The Fourth Circuit recently joined the Ninth Circuit in concluding that the Computer Fraud and Abuse Act (“CFAA”) does not permit a civil claim by an employer against a former employee for misappropriating information that the employee was initially allowed to access. See WEC Carolina Energy Solutions LLC v. Miller, No. 11-1201, 2012 WL 3039213 (4th Cir. July 26, 2012). In contrast, the CFAA only permits claims for accessing a protected computer “without authorization” and that a person “exceeds authorized access” “only when an individual accesses a computer without permission or obtains or alters information on a computer beyond that which he is authorized to access.”
The WEC case arose from the departure of one of WEC’s employees who joined a competitor. While at WEC, the employee had broad access to confidential and trade secret documents stored on WEC’s computers. WEC’s policies prohibited its employees from using WEC’s information without authorization or downloading it to a personal computer.
According to WEC, before the employee resigned, he downloaded a “substantial number of WEC’s confidential documents.” Shortly after quitting WEC’s employ, he made a presentation on behalf of his new employer to a potential WEC customer, ultimately securing the new business. WEC then sued the former employee, alleging a CFAA violation and nine state-law causes of action. (WEC also sued the new employer and the employee’s assistant, but for ease of reference, we will focus on employee only). WEC alleged that the employee was not permitted to download confidential information to a personal computer and, by doing so, breached his fiduciary duties to WEC; and, accordingly, either lost all access to the confidential information or exceeded his authorization.

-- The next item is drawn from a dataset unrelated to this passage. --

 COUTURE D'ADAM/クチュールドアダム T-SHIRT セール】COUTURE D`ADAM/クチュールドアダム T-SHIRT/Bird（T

The employee then moved to dismiss, claiming that WEC’s policies regulated use of information, not access to that information; and that even if his purpose was improper, it would not establish a violation of the CFAA, which focuses on access. The Fourth Circuit agreed.

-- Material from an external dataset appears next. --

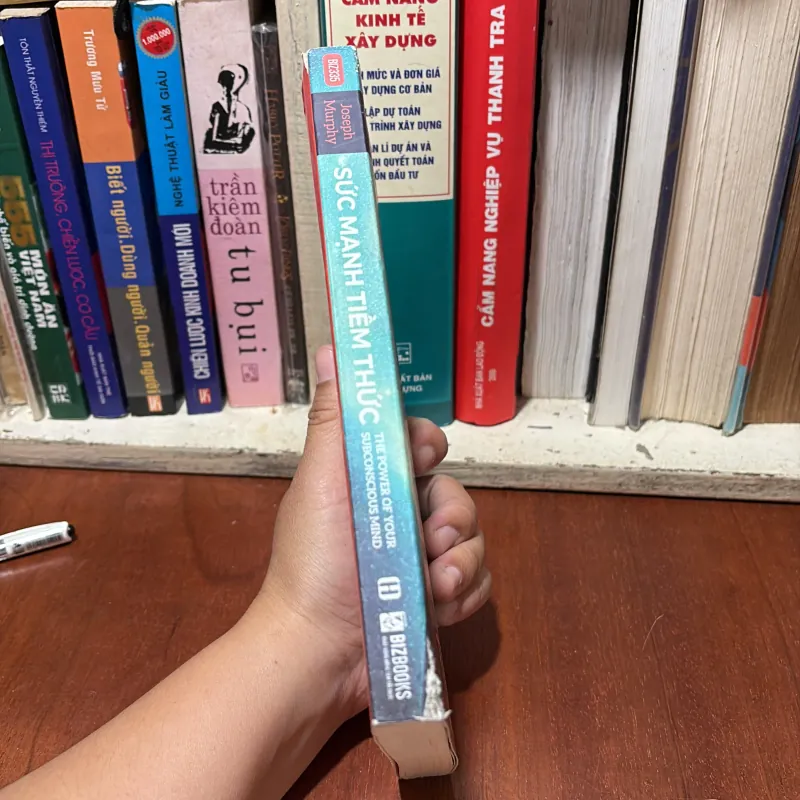 II Sách Kỹ Năng: Sức Mạnh Tiềm Thức - JOSEPH MURPHY - 2023 757773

In dismissing the CFAA claim, the Fourth Circuit joined the Ninth Circuit’s April 2012 en banc decision in U.S. v. Nosal, which we wrote about earlier this year. As noted in our prior post, the Fifth, Seventh, and Eleventh Circuits have taken an opposing view regarding CFAA claims. The Fourth Circuit briefly described the split of authority:
[T]wo schools of thought exist. The first, promulgated by the Seventh Circuit and advanced by WEC here, holds that when an employee accesses a computer or information on a computer to further interests that are adverse to his employer, he violates his duty of loyalty, thereby terminating his agency relationship and losing any authority he has to access the computer or any information on it. Thus, for example, the Seventh Circuit held that an employee who erased crucial data on his company laptop prior to turning it in at the end of his employment violated the CFAA. It reasoned that his ‘breach of his duty of loyalty terminated his agency relationship . . . and with it his authority to access the laptop, because the only basis of his authority had been that relationship.’

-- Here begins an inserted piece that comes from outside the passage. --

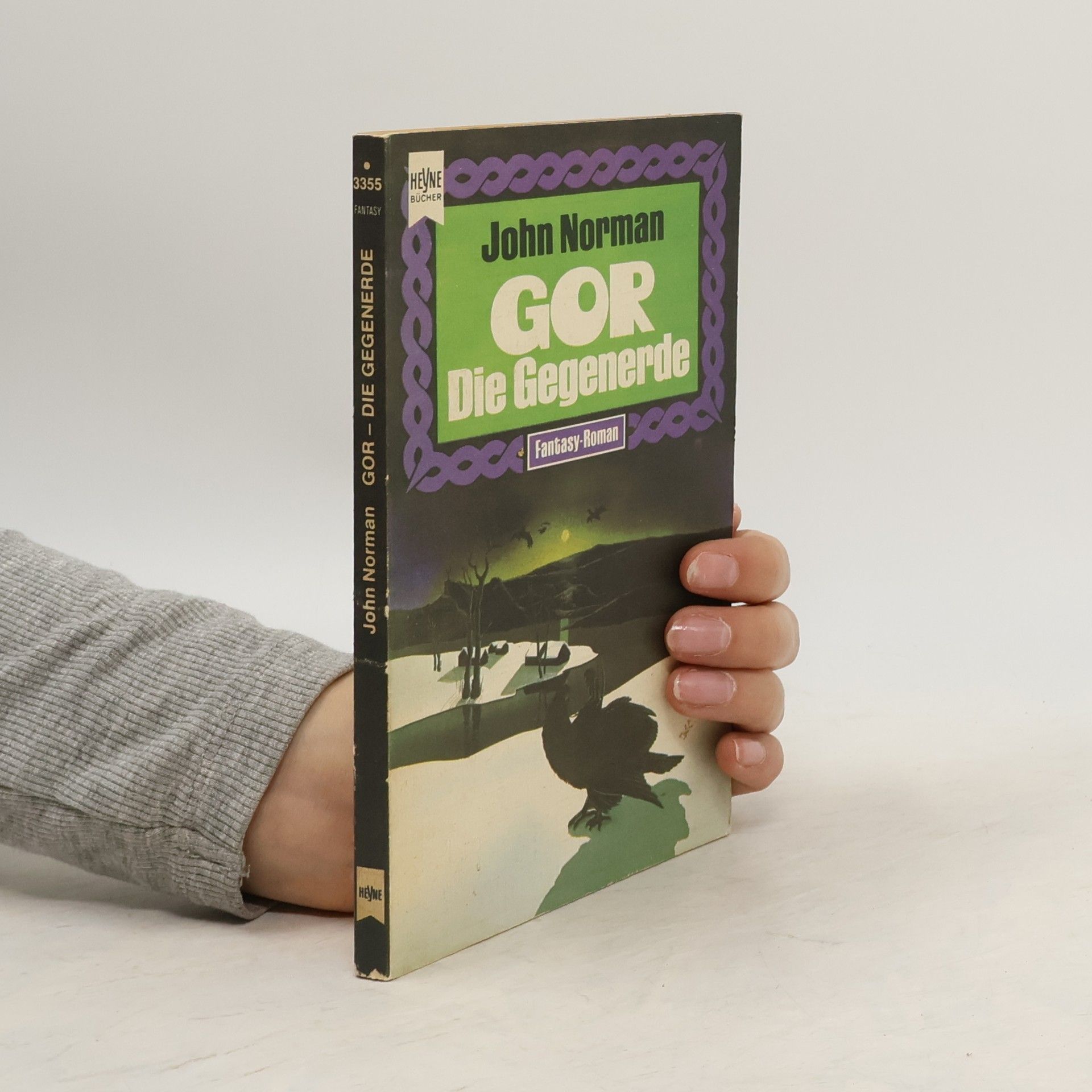 John Norman Gor. Die Gegenerde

The second, articulated by the Ninth Circuit and followed by the district court here, interprets ‘without authorization’ and ‘exceeds authorized access’ literally and narrowly, limiting the terms’ application to situations where an individual accesses a computer or information on a computer without permission. Thus . . . the Ninth Circuit, sitting en banc, held that the defendant’s coconspirators, a group of employees at an executive search firm, did not violate the CFAA when they retrieved confidential information via their company user accounts and transferred it to the defendant, a competitor and former employee. It reasoned that the CFAA fails to provide a remedy for misappropriation of trade secrets or violation of a use policy where authorization has not been rescinded.
WEC Slip Op., at 6-7 (internal citations omitted).
The Fourth Circuit agreed with the Ninth Circuit’s narrow view and explicitly rejected the Seventh Circuit’s cessation-of-agency theory, criticizing it as having “far-reaching effects unintended by Congress.” Following the Seventh Circuit’s logic to the limits, the WEC panel cited the possibility of an employee viewing Facebook in contravention of the employer’s computer use policy, and thereby being subject to the instantaneous cessation of his agency. The court anticipated criticism of its opinion, explaining that WEC’s allegation of nine state-law causes of action demonstrates that an employer is not without a remedy for an employee’s misappropriation of confidential information.
The WEC case further deepens the rift between the circuits regarding the interpretation of the CFAA, suggesting that the Supreme Court may need to resolve the issue in the future. Employers should monitor the situation and beware that they may not be able to rely on a CFAA cause of action if an employee steals confidential business information. But as the court recognized, state law may provide a remedy in such a case.